ORONO – She was part of the Spanish trio last year, one of three freshmen that started the 2016-17 season opener for the University of Maine women’s basketball team.

Tres amigas.

“We were close,” Blanca Millán said.

But when five international players transferred after last season, Laia Sole and Naira Caceres were among them, leaving one Spaniard, Millán.

“It was really hard,” she said. “But I wanted them to be happy.”

She never considered leaving.

“I am really happy here,” Millán said. “It was a tough and hard season (last year), but I really love the people here. They treat me really, really well. Not only the coaching staff. My teammates are like my sisters.

“It feels like home.
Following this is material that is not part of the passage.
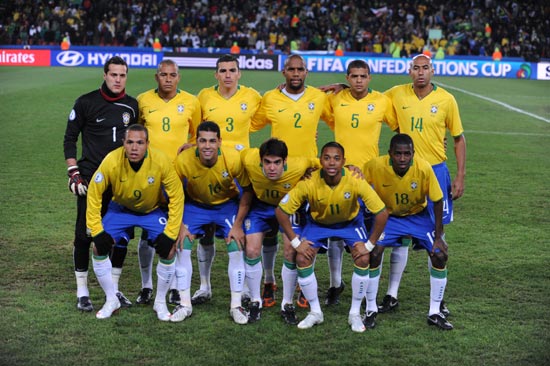 图文联合会杯巴西vs南非巴西队首发球员合影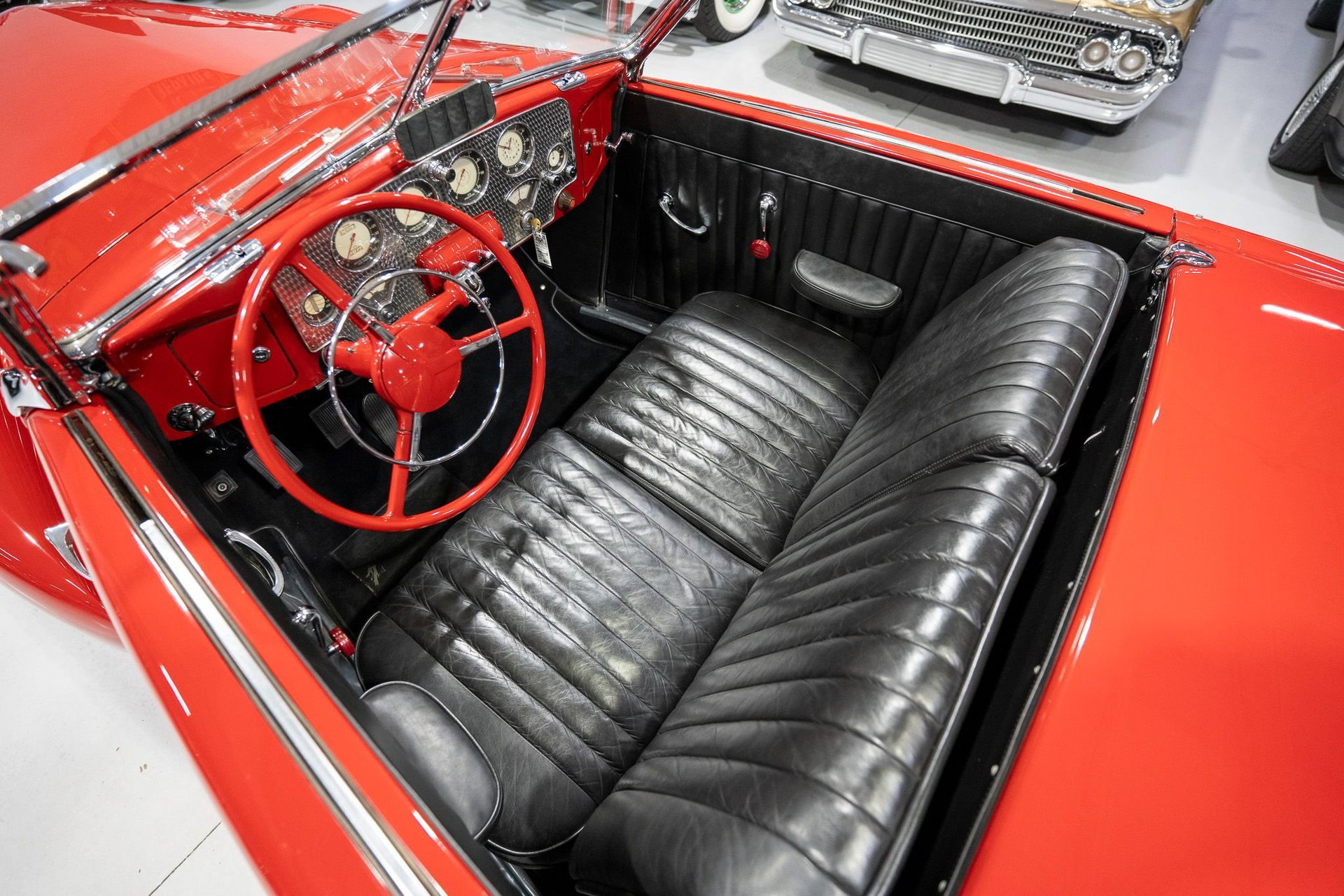 1936 Cord 810 - Sportsman Convertible, foto 2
I’m growing as a person and as a player. I thought it was the best place to be, and I still think that.”

Millán is more than just a happy camper on the Maine roster. She is the Black Bears’ leader, a player her teammates will count on Saturday night, when Maine (23-9) plays No. 8 Texas (26-6) in Austin, in the first round of the NCAA Tournament.

“Blanca really emerged this year,” Maine Coach Amy Vachon said. “She’s been the catalyst for us, offensively and defensively.”

Offensively, the biggest hit Maine took after last year was not a transfer, but the graduation of MVP guard and leading scorer Sigi Koizar.

“She made everything easy for us,” Millán said. “Last year was my first. I didn’t know what I was supposed to do.

“Basically, it was playing defense and then, from the defense, try my best on offense. Then again, we had Sigi.”

Any offense Millán provided was a bonus. She was tall – 5-foot-11 last year and sprouted to 6-1 this season – and quick, with an instinct for the ball. She led the team with 61 steals last year, contributing 8.6 points, 2.9 rebounds and an average of 27 minutes per game.

This year, Millán leads Maine with 17.8 points a game, and 97 steals. She’s also grabbing 5.2 rebounds and playing 35 minutes a game.

Millán cannot account for her growth spurt – “I really don’t know. I didn’t notice until I came back (to school).” – But her scoring came from a conscious effort.

“I knew because we lost Sigi, I was going to step up,” she said. “Sigi was scoring almost 20 points a game. I knew I had to take my team with me. I started working early in the year.”

She took 255 shots last year (making 43.5 percent of them, including 44 3-pointers). This year, Millán is 227 of 505 (44.9 percent) with 69 3-pointers. Among her improvements is the ability to release her shot as soon as she has the ball.

“Every time I touch the ball in practice, Coach (Vachon) is saying, ‘Shoot,’” Millán said.

Vachon points out that “anyone can step up” and score in any game. But the one constant has been Millán, scoring in double figures in 31 straight games.

In the America East championship game last Friday, Hartford focused on Millán, holding her to 1-of-5 shooting and four points in the first half. In the second half, Maine worked on getting Millán open, and she focused on scoring.

“I was thinking ‘shoot the ball,’” she said.

She did, especially with some quick turnaround jumpers. She hit 7 of 11 shots (two 3-pointers) in the second half, and finished with a game-high 22 points, in Maine’s 74-65 victory.

It put Maine in the NCAAs, which Millán knows will get the attention of her homeland.

“They don’t follow college basketball much,” said Millán, who is from Santiago de Compostela in northwest Spain. “But they do follow March Madness. It’s a big deal.”